- WHAT IS EXPECTED:
The listing that follows should be copied in full and exactly, with no pictures.

- DATASET EXTRACT:
□ □ □ □ □ □ □

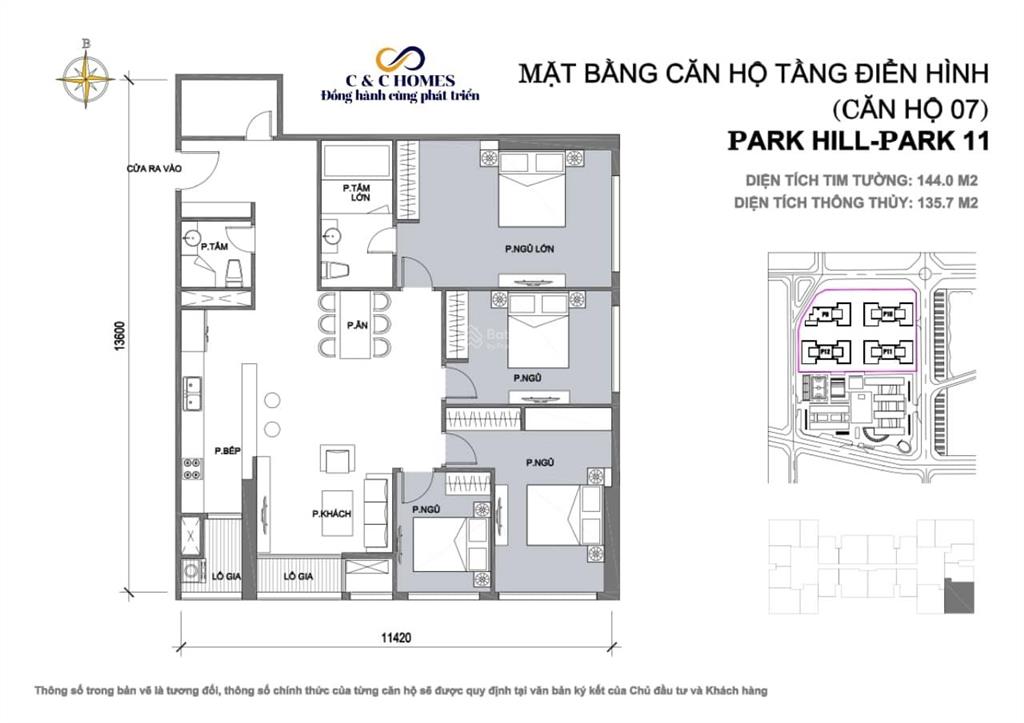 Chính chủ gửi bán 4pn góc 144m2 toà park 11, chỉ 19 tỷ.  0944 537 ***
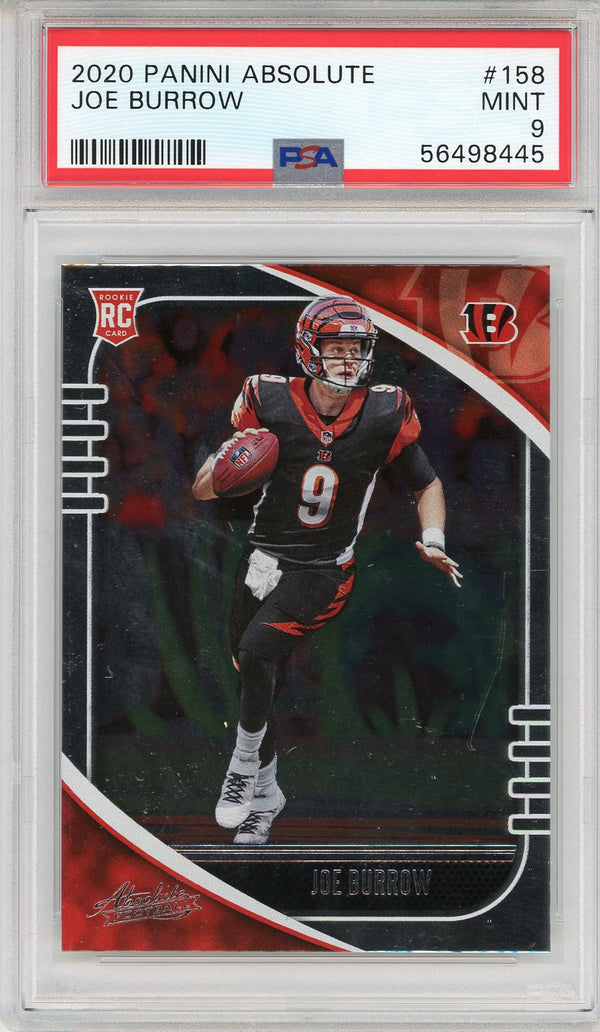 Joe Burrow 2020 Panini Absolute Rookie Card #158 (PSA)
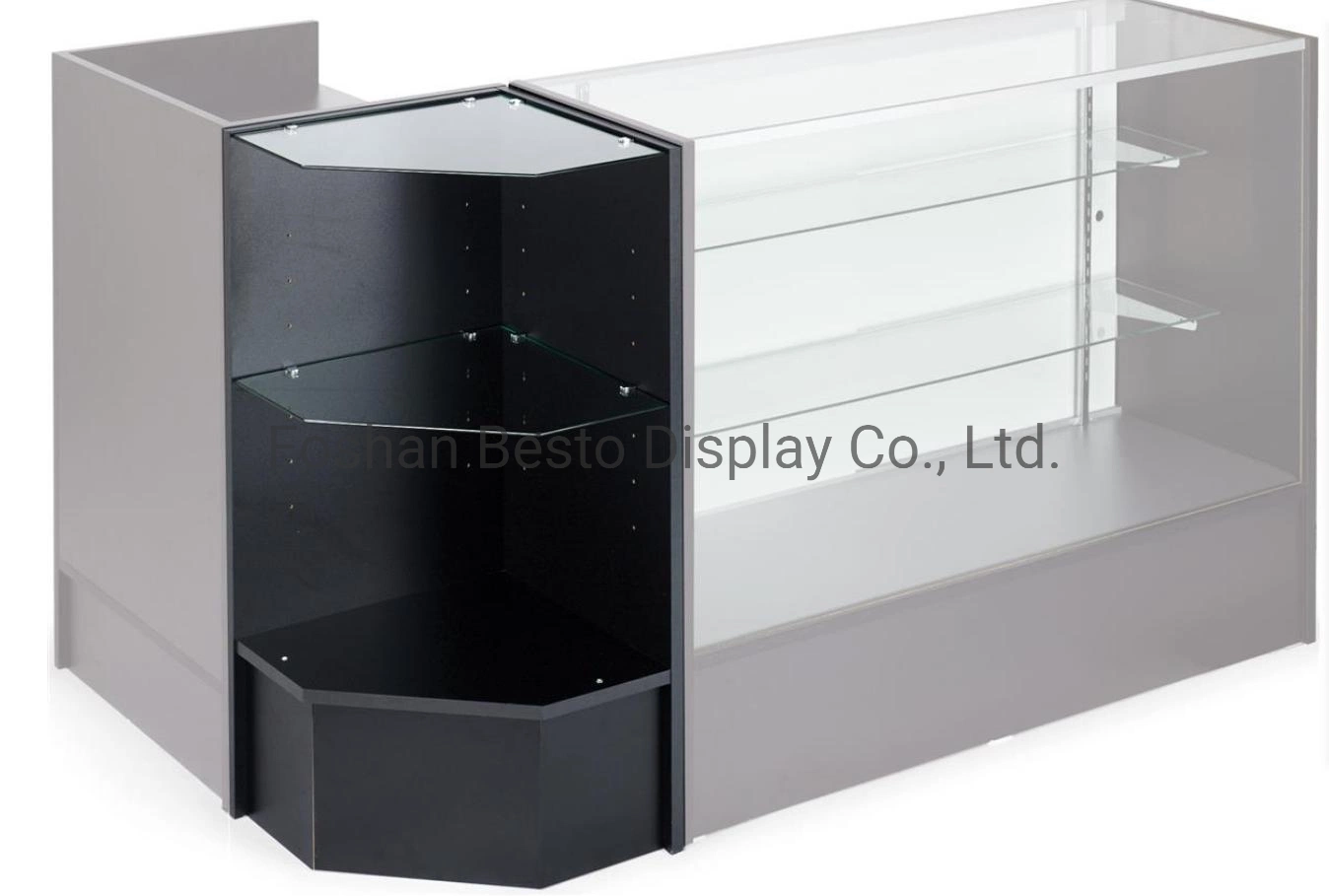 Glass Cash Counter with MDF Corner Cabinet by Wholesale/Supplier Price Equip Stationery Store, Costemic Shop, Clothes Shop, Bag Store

□ □ □ □ □ □ □

- EXERCISE ANSWER:
 Chính chủ gửi bán 4pn góc 144m2 toà park 11, chỉ 19 tỷ.  0944 537 ***
 Joe Burrow 2020 Panini Absolute Rookie Card #158 (PSA)
 Glass Cash Counter with MDF Corner Cabinet by Wholesale/Supplier Price Equip Stationery Store, Costemic Shop, Clothes Shop, Bag Store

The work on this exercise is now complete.